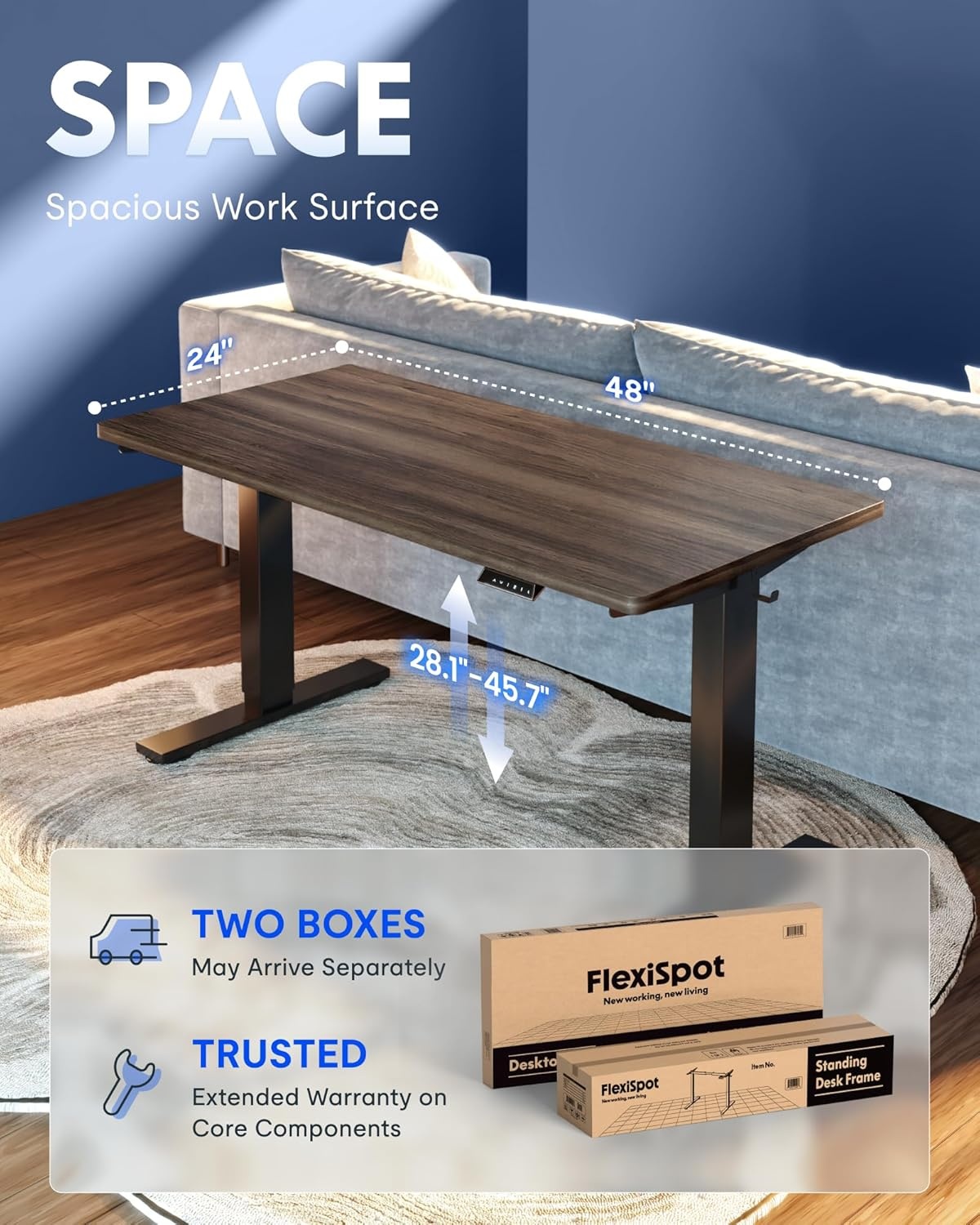 image:imageFLEXISPOT EN1 OnePiece Standing Desk Electric Adjustable with 4 Memory Presets 176 LBS Capacity Stable amp Quiet Seamless Desktop for Home Office amp Dual Monitors 48x24 BlackBlack Walnut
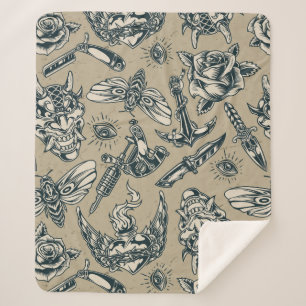 Cobertor Sherpa Armas e rosas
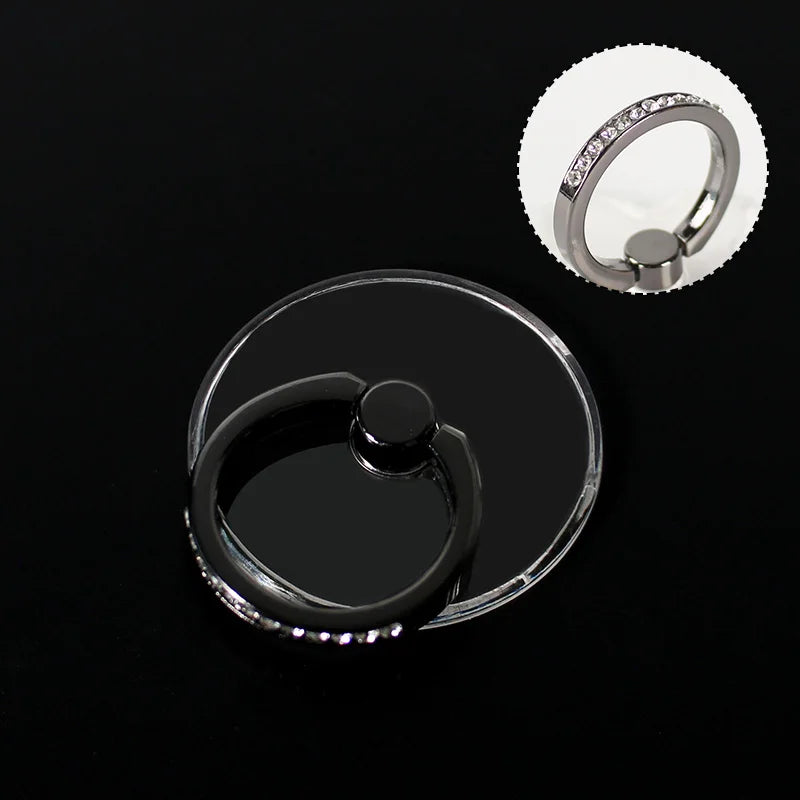 Mobile Phone Ring Holder Transparent Telephone Cellular Support  Diamond Clear 360 Degree Socket Stand SmartPhone Accessories - Slobuy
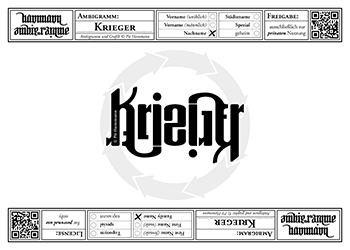 Ambigramm Krieger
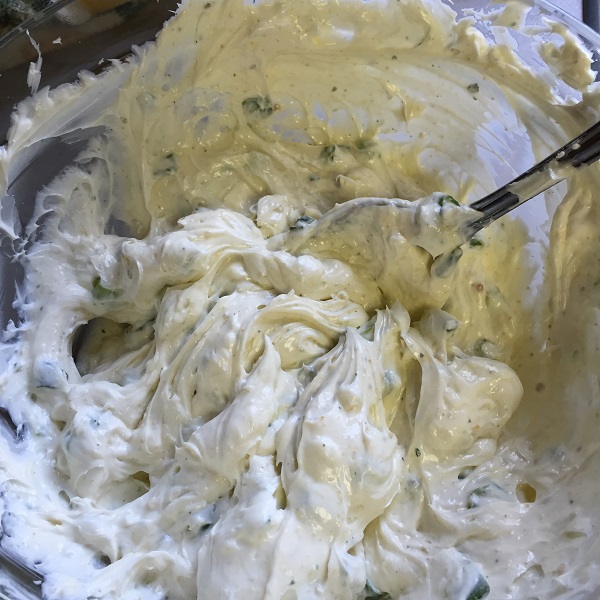 green onion garlic lemon cream cheese mix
+--
→ **What the task requires**
Print nothing except the lines from the one with "Cobertor Sherpa Armas e rosas" through the last line of the listing, exactly as written and with pictures removed.

→ **Output for this exercise**
 Cobertor Sherpa Armas e rosas
 Mobile Phone Ring Holder Transparent Telephone Cellular Support  Diamond Clear 360 Degree Socket Stand SmartPhone Accessories - Slobuy
 Ambigramm Krieger
 green onion garlic lemon cream cheese mix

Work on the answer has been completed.